Time and time again I see examples of immutable collections. These are invariable a waste of time because immutable collections are a solved problem. People often say things such as:
A pure function over immutable stacks can be safely called from multiple threads with no need for locking.
Ok, that’s true. But why use a so-called “immutable stack”? Consider these two declarations:
int Foo( ReadOnlyStack<Record> records)
int Foo( IEnumerable<Record> records)
As a developer using someone else’s API, what would you prefer? Would you like to explicitly convert your collection into a ReadOnlyStack? Or would you want the API just to make it’s own stack based on what you pass?
I know some people are thinking “but I need it to be immutable so I don’t have to take a lock”. Fine. If you really can’t trust the developer then go ahead and demand the standard read-only collection. In .NET this would be:
int Foo( ReadOnlyCollection<Record> records)
You still don’t have to make your users muck about with some sort of “ReadOnlyStack”, which is just an implementation detail anyways.
The next argument I see is the claim that this will somehow make for better performance because you don’t have to make a copy. That is clearly a violation of the premature optimization rule.
Advantages of using a shared linked-list
- Initial copies are essentially free.
- Stacks can grow forever without expensive copy operations
Disadvantages of using a shared linked-list
- Initial size is larger than array-based stacks
- As they are used, they quickly diverge and stop sharing nodes
- They are less likely to be sequential in memory, especially as they age. (Can you say cache miss?)
Clearly there are going to be times where pre-allocating an array based stack is going to give you better performance than a stack that is scattered across memory. I can’t say array-based stacks are always going to be better, but why take the risk? If you just request an IEnumerable at the beginning, you can use whatever type of stack your performance testing dictates. You can even special-case the ReadOnlyStack if you feel it is necessary.
So what is the problem?
Complex, immutable data types are the interesting problem. Currently in platforms like Java and .NET, there is no easy way to make a class that has both mutable and immutable variants.

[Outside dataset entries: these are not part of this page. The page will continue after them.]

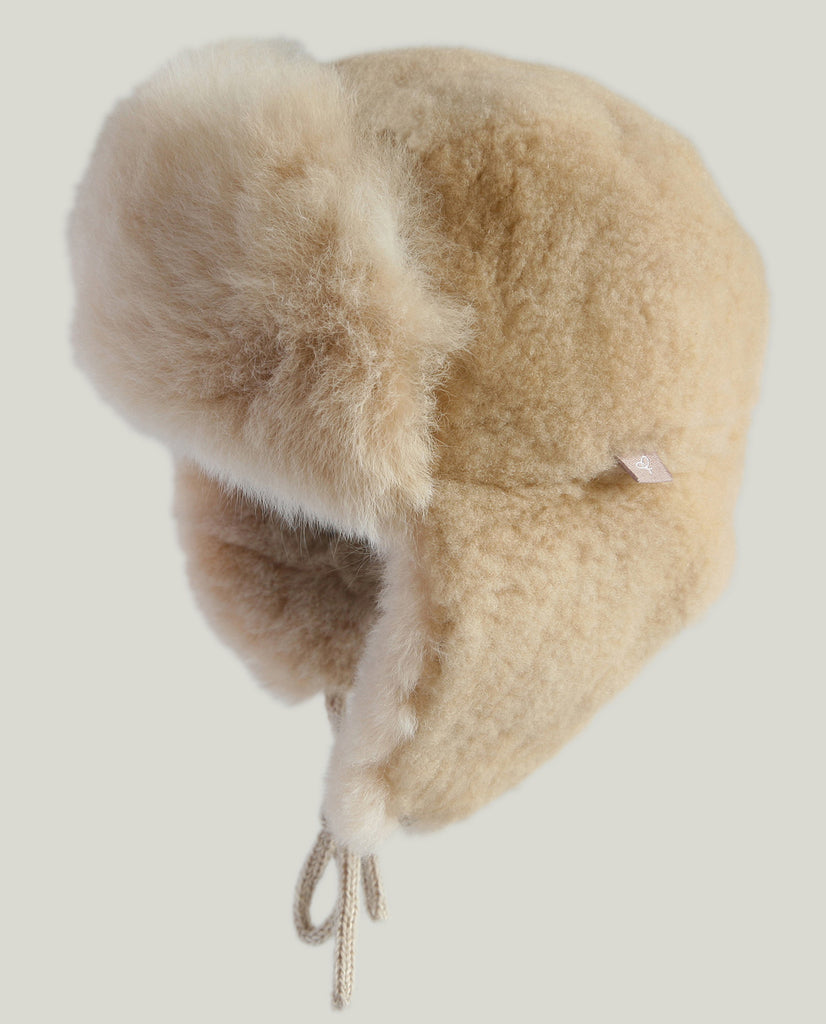 ALPACA FUR TRAPPER HAT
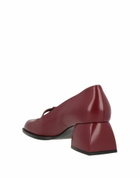Nodaleto Womens Pumps Burgundy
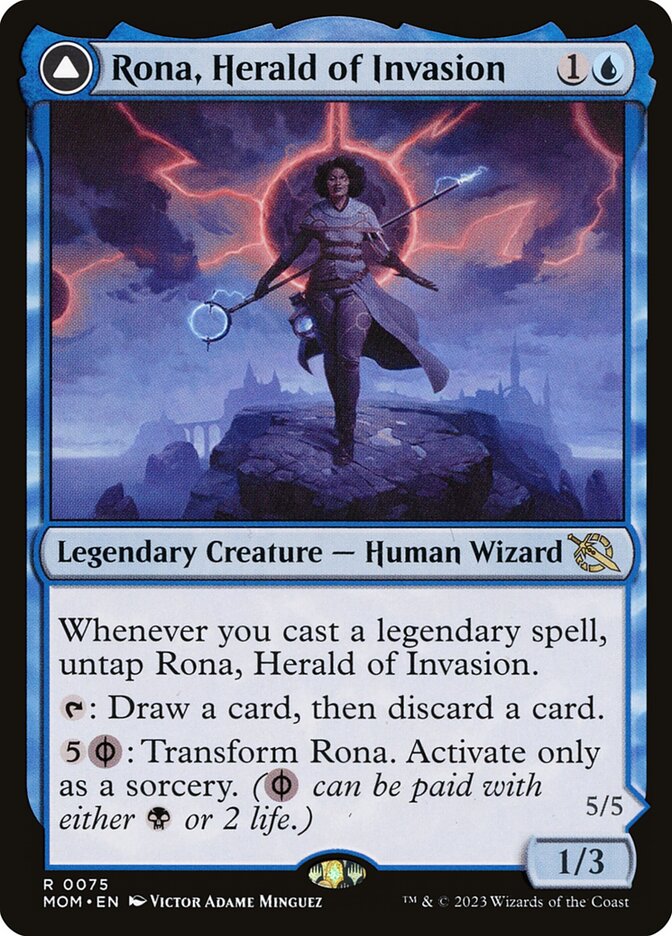 Rona, Herald of Invasion // Rona, Tolarian Obliterator 75 (March of the Machine)  | Good Games Cannington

More often than not developers want mutable objects when they are constructing it. Data may be coming from multiple sources or even be aggregated as it comes in. Only once the class is finalized do we want
Currently we can do this by using interfaces, which are hard to change, and tons of boilerplate code.
Const in .NET
One option would be to add the concept of a Const modifier to C# and Visual Basic. The rules would be simple, if you specify const than you get a compiler error when accessing non-pure methods and properties.
I don’t really like this one for two reasons.
- Cheating is too easy. Anyone can simply cast away the const either directly or by
- There is no guarantee that someone won’t hold onto the mutable reference.
Still, there is something nice about the syntax.
Boxing for Purity?
In .NET every value type actually has two classes. There is the class named for the value type such as Integer or Point. Then there is the unnamed class that is used when the value is “boxed” and placed on the stack. Developers only have to deal with the first class, the runtime takes care of the second.
What if we had the same concept for purity in classes? Say your Customer class had an implied method called MakeImmutable. This would copy it into another class called “ImmutableCustomer” that was identical except:
- The class definition is created by the compiler or runtime.
- All methods/properties not marked as “Pure” are removed.
- All child objects are mapped to their Immutable variants.
- All Customer classes can be implicitly cast to a ImmutableCustomer.
- A mutable copy can be created by calling MakeMutable. This won’t return the original or allow modifying the read-only variant.
This cannot be done in the language itself, the runtime needs to support it in order to work out the inheritance/casting rules.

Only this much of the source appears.